Shares of Chinese streaming video champ iQiyi (NASDAQ:IQ) soared more than 20% on Tuesday on word that rival Tencent Holdings (OTC:TCEH.Y) is looking to buy a stake in the company -- its biggest competitor -- according to a report by Reuters. The size of the potential stake hadn't been determined.
iQiyi is majority controlled by Baidu (NASDAQ:BIDU), which controls more than half of its shares and nearly 93% of its voting power, so the streaming giant would have to approve any potential deal.
Tencent Video has battled iQiyi for the lead in the nascent streaming market in China, with each company reporting about 110 million paid subscribers in the most recent quarter.
Tencent is already one of the dominant online entertainment providers in the most populous country. Its WeChat social messaging platform is one of the most frequently used apps in China, and Tencent is also the world's largest video game publisher.

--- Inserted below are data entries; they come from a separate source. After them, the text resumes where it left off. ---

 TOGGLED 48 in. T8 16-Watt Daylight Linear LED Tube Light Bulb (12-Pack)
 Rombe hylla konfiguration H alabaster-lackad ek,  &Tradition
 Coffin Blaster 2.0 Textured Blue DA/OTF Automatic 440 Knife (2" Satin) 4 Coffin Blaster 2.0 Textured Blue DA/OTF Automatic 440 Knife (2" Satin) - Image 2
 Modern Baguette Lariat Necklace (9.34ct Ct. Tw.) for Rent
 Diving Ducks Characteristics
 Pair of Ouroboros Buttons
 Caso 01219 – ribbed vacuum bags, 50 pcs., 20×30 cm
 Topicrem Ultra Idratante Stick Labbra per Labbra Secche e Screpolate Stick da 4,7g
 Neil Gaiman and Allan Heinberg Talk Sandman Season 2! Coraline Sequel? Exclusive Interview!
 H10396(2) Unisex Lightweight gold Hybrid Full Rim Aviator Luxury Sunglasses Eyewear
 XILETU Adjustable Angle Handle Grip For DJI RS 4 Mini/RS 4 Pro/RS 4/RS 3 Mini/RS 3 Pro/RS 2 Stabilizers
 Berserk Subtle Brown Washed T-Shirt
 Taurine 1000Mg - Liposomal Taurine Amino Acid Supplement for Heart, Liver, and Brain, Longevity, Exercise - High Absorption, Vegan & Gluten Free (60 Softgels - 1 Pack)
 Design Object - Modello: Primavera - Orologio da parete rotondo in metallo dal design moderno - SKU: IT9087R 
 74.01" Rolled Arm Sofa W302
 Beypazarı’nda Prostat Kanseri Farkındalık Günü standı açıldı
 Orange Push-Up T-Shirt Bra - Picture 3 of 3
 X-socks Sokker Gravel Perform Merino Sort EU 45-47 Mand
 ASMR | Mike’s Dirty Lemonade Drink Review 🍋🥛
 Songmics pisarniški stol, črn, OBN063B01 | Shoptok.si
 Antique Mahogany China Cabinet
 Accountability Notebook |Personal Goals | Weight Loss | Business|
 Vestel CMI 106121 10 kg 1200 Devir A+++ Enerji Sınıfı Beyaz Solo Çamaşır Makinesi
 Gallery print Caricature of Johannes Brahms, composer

iQiyi and Tencent Video offer subscription-based and ad-supported tiers. During the pandemic, advertising budgets were slashed, taking a chunk out of each company's revenue. Content expenses have also been climbing in China as the competition ramps up. Tencent and iQiyi compete not only with each other, but also against short-form and user generated video platforms like Bilibili (NASDAQ:BILI) and TikTok, a division of privately held Bytedance.
The streaming market in China is potentially lucrative, with online video expected to generate more than $22 billion this year, and by taking a position in its biggest rival, Tencent could consolidate control of the market while also reining in its spiraling content costs. The union would improve its bargaining position when negotiating for programming, while also decreasing the marketing costs the companies spend competing for viewers.